» **Instructions to follow**: Exactly the lines from the line that has "Fabulous Set of" through the final line below are to be retyped, and the pictures are not.

[[ Information shown, beginning ]]

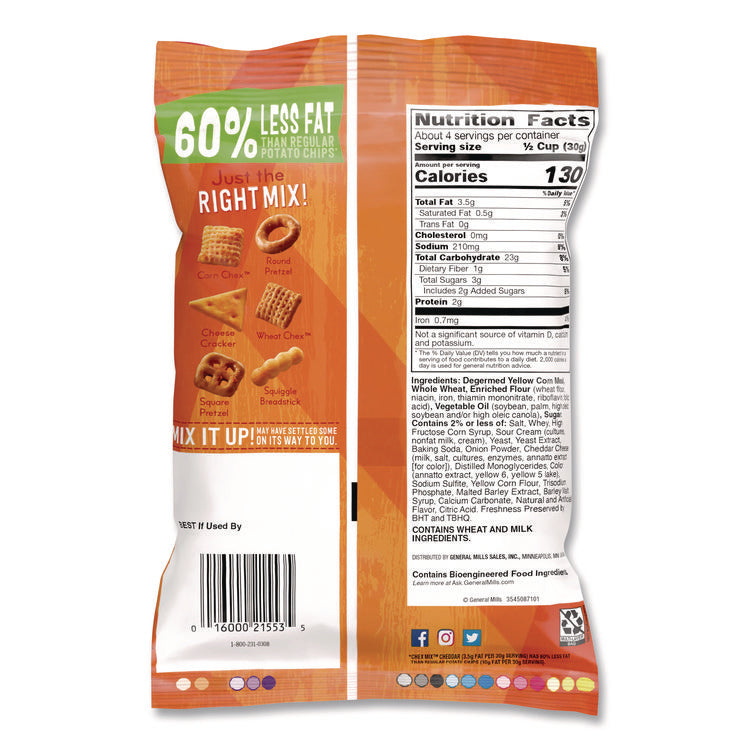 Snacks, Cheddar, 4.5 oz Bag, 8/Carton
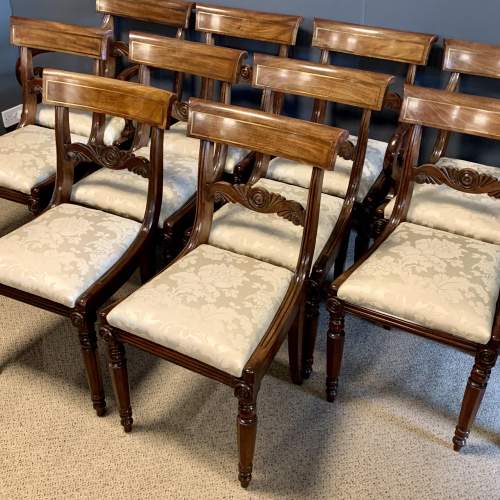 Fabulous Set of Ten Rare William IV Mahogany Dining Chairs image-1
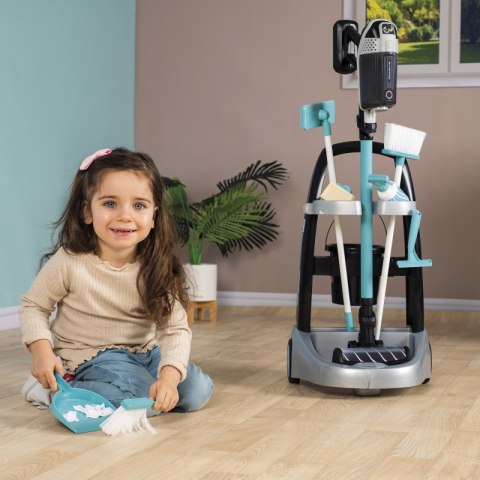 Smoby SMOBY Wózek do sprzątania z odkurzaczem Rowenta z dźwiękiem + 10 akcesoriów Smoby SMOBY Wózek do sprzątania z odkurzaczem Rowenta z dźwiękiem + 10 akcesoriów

[[ Information shown, end ]]

» **Answer space**:
 Fabulous Set of Ten Rare William IV Mahogany Dining Chairs image-1
 Smoby SMOBY Wózek do sprzątania z odkurzaczem Rowenta z dźwiękiem + 10 akcesoriów Smoby SMOBY Wózek do sprzątania z odkurzaczem Rowenta z dźwiękiem + 10 akcesoriów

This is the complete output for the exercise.